The stacked trio of figures below model the three DDS architecture types. They’re slightly enhanced renderings of the sketches in the paper.
2 Quantitative Comparisons
DDS was specifically designed to meet the demanding latency and jitter (the standard deviation of latency) performance attributes that are characteristic of streaming, Distributed Real-Time Event (DRE) systems like defense and air traffic control radars. Unlike most client-server, request-response systems, if data required for human or computer decision-making is not made available in a timely fashion, people could die. It’s as simple and potentially horrible as that.
Applying the systems thinking idiom of “purposeful, selective ignorance“, the pics below abstract away the unimportant details of the pics above so that the architecture types can be compared in terms of latency and jitter performance.
By inspecting the figures, it’s a no brainer, right? The steady-state latency and jitter performance of the decentralized and centralized architectures should exceed that of the federated architecture. There is no “middleman“, a daemon, for application layer data messages to pass through.
Sure enough, on their two node test fixture (I don’t know why they even bothered with the one node fixture since that really isn’t a “distributed” system in my mind) , the Schmidt et al measurements indicate that the latency/jitter performance of the decentralized and centralized architectures exceed that of the federated architecture. The performance difference that they measured was on the order of 2X.
3 Qualitative Comparisons
In all distributed systems, both DRE and Client-Server types, achieving high operational availability is a huge challenge. Hell, when the system goes bust, fuggedaboud the timeliness of the data, no freakin’ work can get done and panic can and usually does set in. D’oh!
With that scary aspect in mind, let’s look at each of the three architectures in terms of their ability to withstand faults.
3.1 Decentralized Architecture Availability
In a decentralized architecture, there are no invasive daemons that “leak” into the application plane so we can’t talk about daemon crashes. Thus, right off the bat we can “arguably” say that a decentralized architecture is more resistant to faults than the federated or centralized architectures.
As the picture below shows, when a user application layer process dies, the others can continue to communicate with each other. Depending on what the specific application is required to do during operation, at least some work may be able to still get accomplished even though one or more app components go kaput.
3.2 Federated Architecture Availability
In a federated architecture, when a daemon process dies, a whole node and all the subscriber application user processes running on it are severed from communicating with the user processes running on the other nodes (see the sketch below) in the system. Thus, the federated architecture is “arguably” less fault tolerant than the decentralized and (as we’ll see) centralized architectures. However, through judicious “allocation” of user processes to nodes (the fewer the better – which sort of defeats the purpose of choosing a federation for per node intra-communication performance optimization), some work still may be able to get accomplished when a node’s daemon crashes.

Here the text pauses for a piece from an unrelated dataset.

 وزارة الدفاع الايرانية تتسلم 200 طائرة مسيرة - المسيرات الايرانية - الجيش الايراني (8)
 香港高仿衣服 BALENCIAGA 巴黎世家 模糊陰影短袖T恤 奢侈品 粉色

If the node daemons stay viable but a user application dies, then the behavior of a federated architecture, DDS-based system is the same as that of a decentralized architecture
3.3 Centralized Architecture Availability
Finally, we come to the robustness of a centralized DDS architecture. As shown below, since the single daemon overlord in the system is not (or should not be) involved in inter-process application layer data communications, if it crashes, then the system can continue to do its full workload. When a user process crashes instead of, or in addition to, the daemon, then the system’s behavior is the same as a decentralized architecture.
4 BD00 Commentary
Because he works on data streaming DRE radar systems, Jimmy likes, I mean BD00 likes, the DDS pub-sub architectural style over broker-based, distributed communication technologies like C/S CORBA and JMS queues. It should be obvious that the latter technologies are not a good match for high availability and low latency DRE applications. Thus, trying to jam fit a new DRE application into a CORBA or JMS communication platform “just because we have one” is a dumb-ass thing to do and is sure to lead to high downstream maintenance costs and a quicker route to archeosclerosis.
Within the DDS space, BD00 prefers the decentralized architecture over the federated and centralized styles because of the semi-objective conclusions arrived at and documented in this post.